Und während die Menge sich dem Lande zuwälzte, dröhnte ihr von drüben her ein machtvoller Gesang entgegen. Er kam aus einer der breiten Straßen, die auf den Hafen mündeten. Eine neue Menschenwelle wogte von dort heran, in ihrer Mitte ein Trupp Soldaten. Brausend klang das Lied »Deutschland, Deutschland über alles« aus Hunderten von Kehlen. Und die Ankommenden standen still, zogen Hüte und Mützen, vergaßen, was sie hergeführt hatte: Geschäfte und Vergnügen. Viele falteten die Hände, es war wie ein erhebender Gottesdienst unter freiem Himmel. Aus Tausenden von Herzen stieg das Gelübde: alles zu opfern, Gut und Leben, für des Vaterlandes Rettung.

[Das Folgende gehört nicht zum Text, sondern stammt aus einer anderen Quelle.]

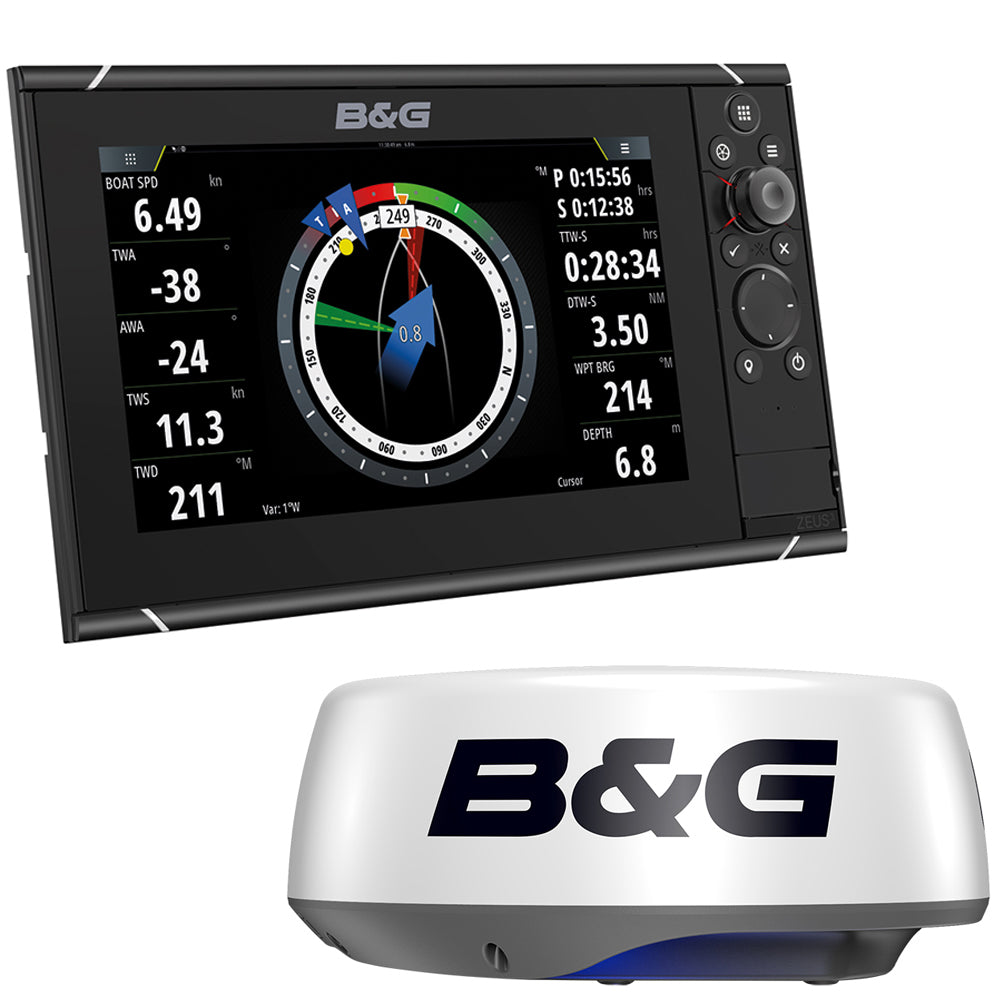 BG Zeus 3S 12 Combo MultiFunction Sailing Display Radar Bundle HALO20 20 Radar Dome No HDMI Video Outport 00015562002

Helmut hatte mitgesungen so laut er konnte. Als er mit den Eltern endlich einen Wagen eroberte und ins Hotel fuhr, mußte ihn die Mutter verschiedene Male an der Hand festhalten, sonst wäre er herausgestürzt, so lebhaft sprang er auf seinem Sitz umher, um nur nichts von all den Dingen zu versäumen, die sich rings begaben. Kaum hatte er im Gasthaus der Mutter geholfen das Gepäck abzulegen, als er auch schon seinen Vater bestürmte, mit ihm wieder auf die Straße zu kommen, weiter zu schauen, weiter zu hören.

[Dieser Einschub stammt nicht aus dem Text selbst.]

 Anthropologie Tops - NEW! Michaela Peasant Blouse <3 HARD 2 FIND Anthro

»Warte, mein Jung, ich folge dir gleich, du kannst mit mir zum brasilianischen Konsulat gehen, damit ich meine Papiere durchsehen lasse. – Bleib draußen auf dem Flur, solange ich mit Mutter rede!«
Nach einigen Minuten trat der Vater aus dem Zimmer, ruhig und gelassen, wie Helmut ihn nicht anders kannte. Die Mutter saß drinnen auf einem Stuhl, das Gesicht in den Händen verborgen. Helmut sprang eilig noch einmal hinein, küßte sie und flüsterte ihr ins Ohr: »Mutti – wir kommen ja bald wieder – fürchte dich doch nicht!«
Sie machte eine kleine Bewegung mit dem Kopf. Helmut hörte seines Vaters Ruf und lief dem Voranschreitenden behende nach.